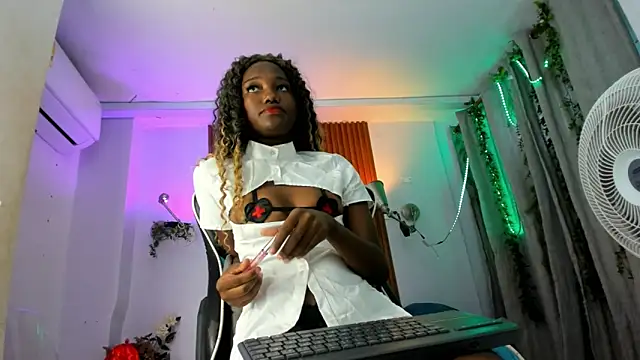 Snapshot of Evaa_18 chatting on October 2025 05:55:02 PM Evaa 18 online show from October 2025 05:55:02 PM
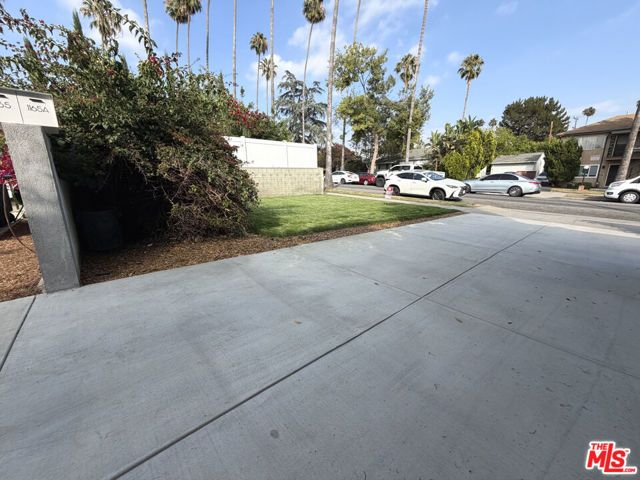 1165 Western Avenue, Glendale, CA 91201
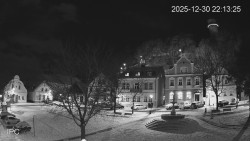 Náměstí, Hrad a Trůba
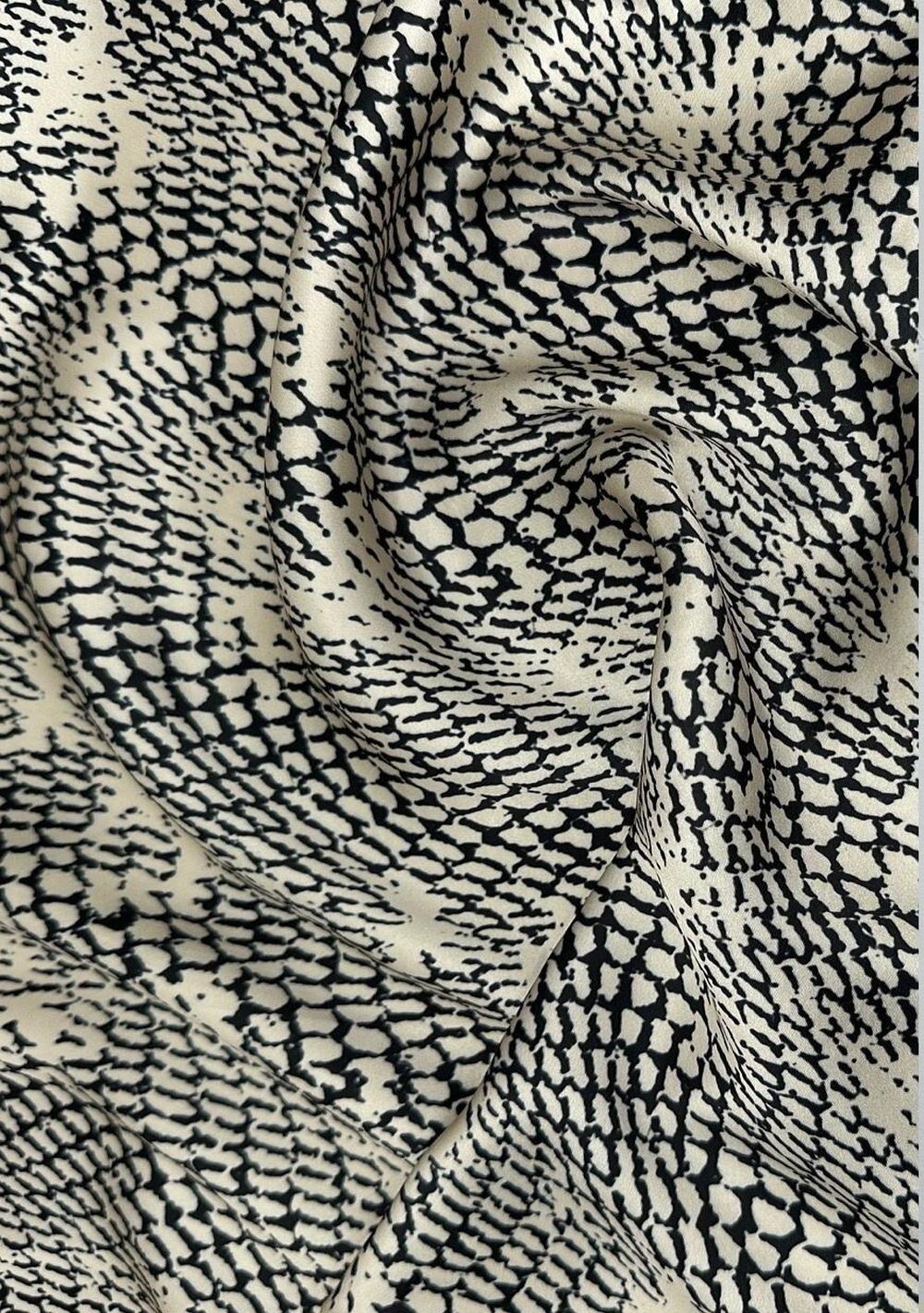 ♡ Satinrock Python-Print-Effekt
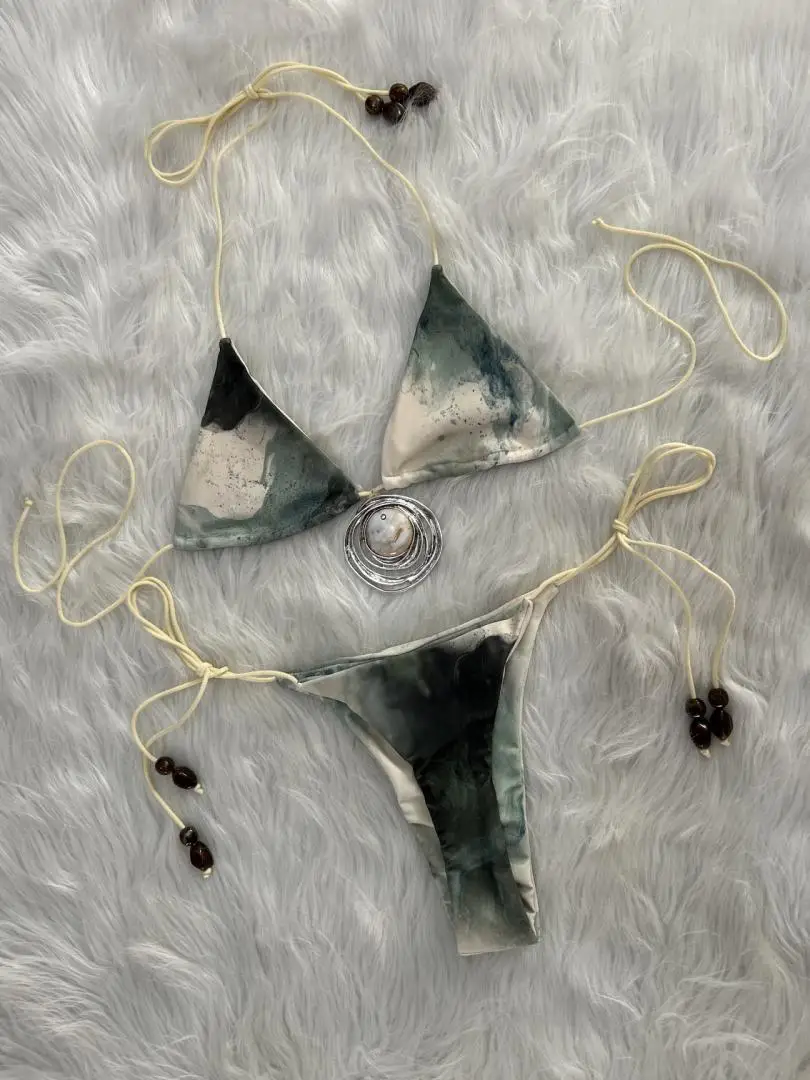 

Новый раздельный купальник-бикини с завязками на шее в стиле островного отдыха, сексуальный и смелый стиль для девушек, модная пляжная одежда в стиле INS, оригинальный тренд.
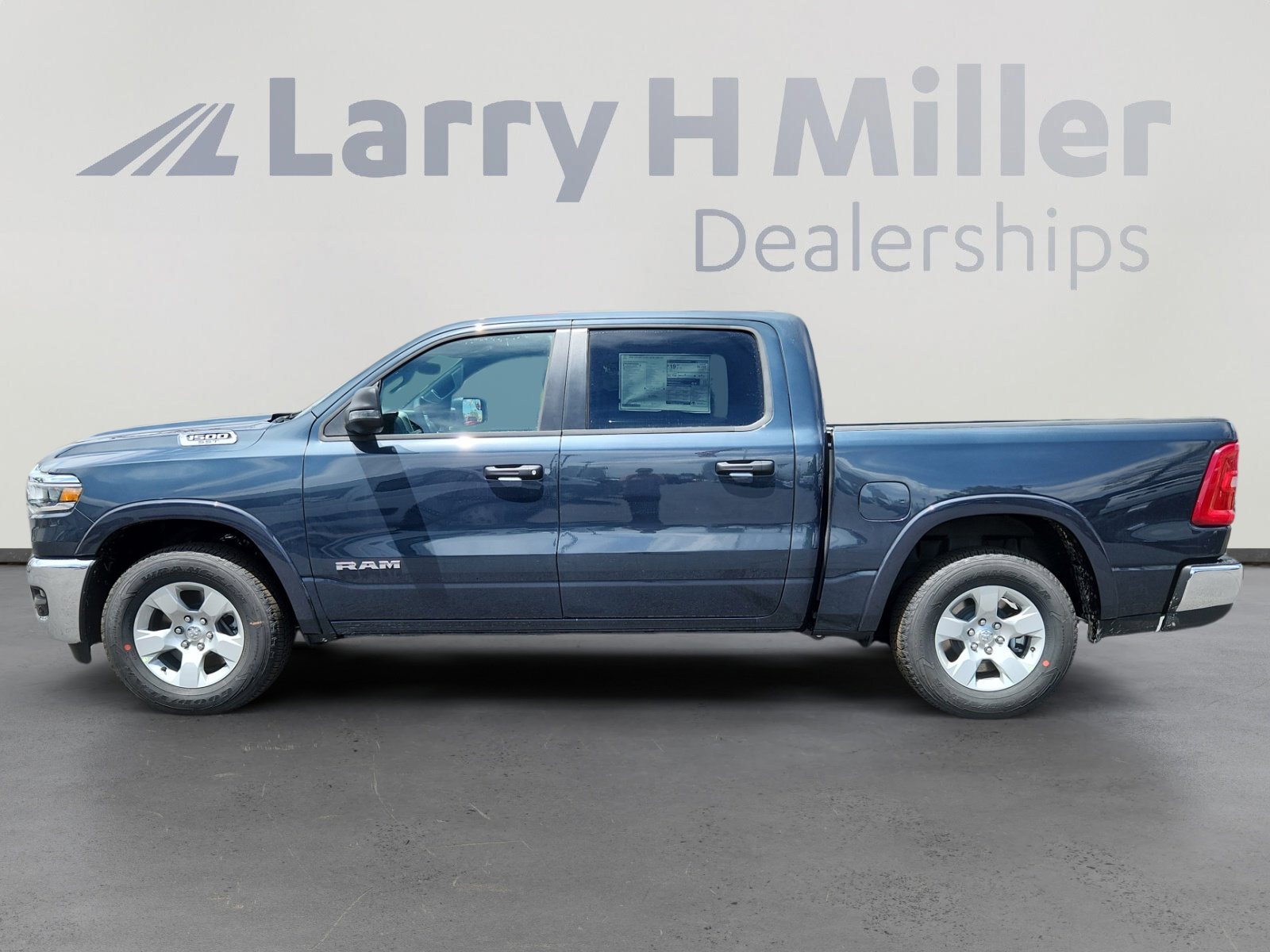 2025 Ram 1500 Big Horn photo 2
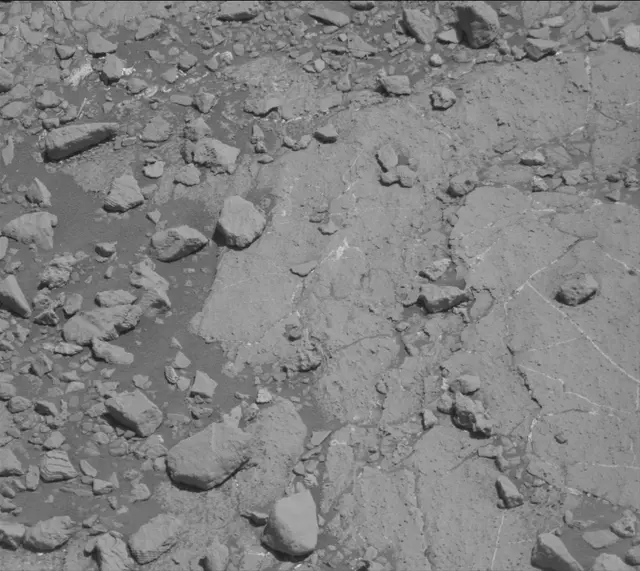 Sol 2632: Mast Camera (Mastcam)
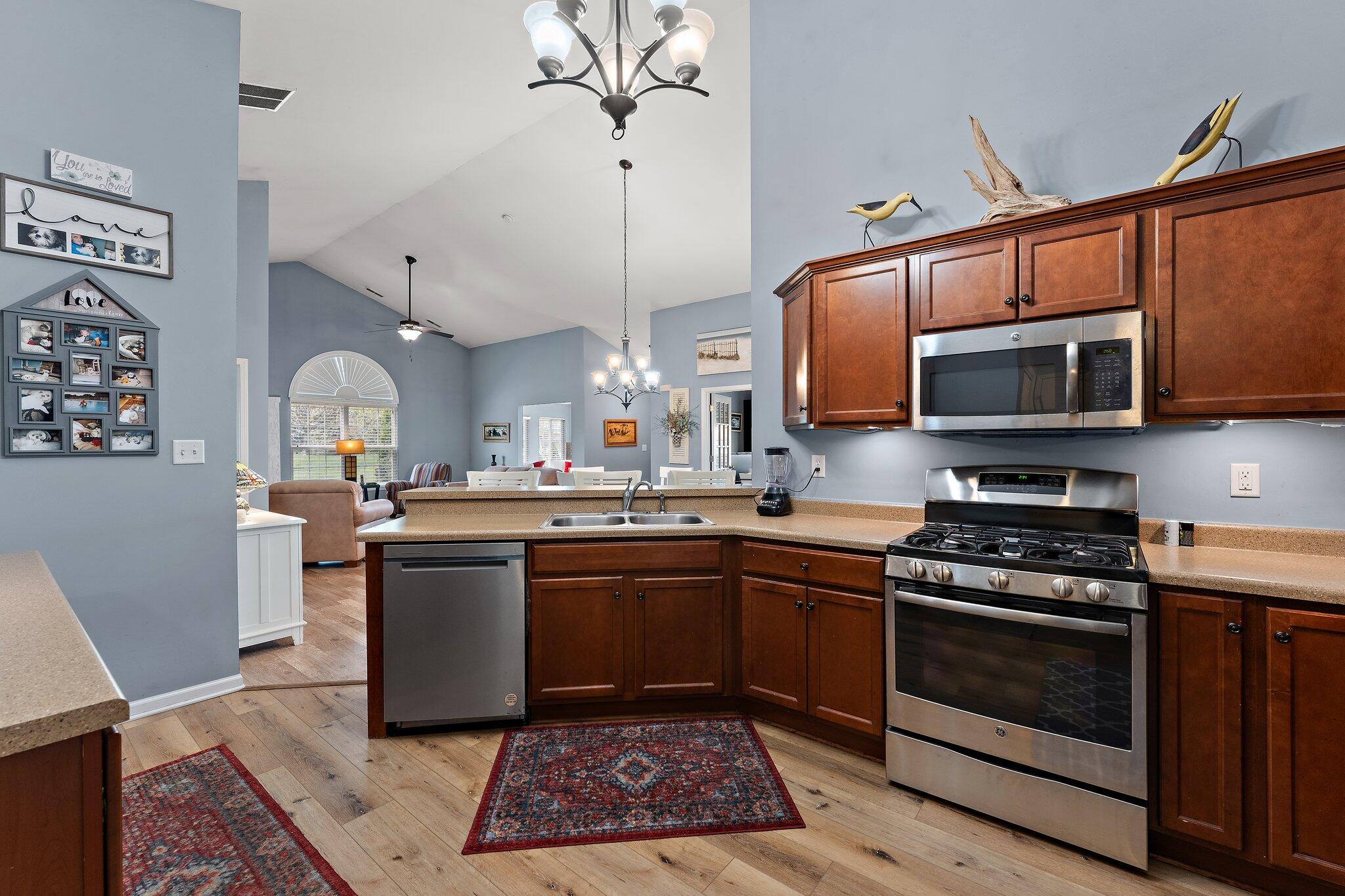 Crown Point, Indiana 46307, United States, 2 Bedrooms Bedrooms, ,2 BathroomsBathrooms,Residential,Pending,119520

REQUIRED WORK>
I would like you to set down the lines above, from the one containing "Sol 2632: Mast Camera (Mastcam)" to the final line, exactly as written and without pictures.

ANSWER TO THIS TASK>
 Sol 2632: Mast Camera (Mastcam)
 Crown Point, Indiana 46307, United States, 2 Bedrooms Bedrooms, ,2 BathroomsBathrooms,Residential,Pending,119520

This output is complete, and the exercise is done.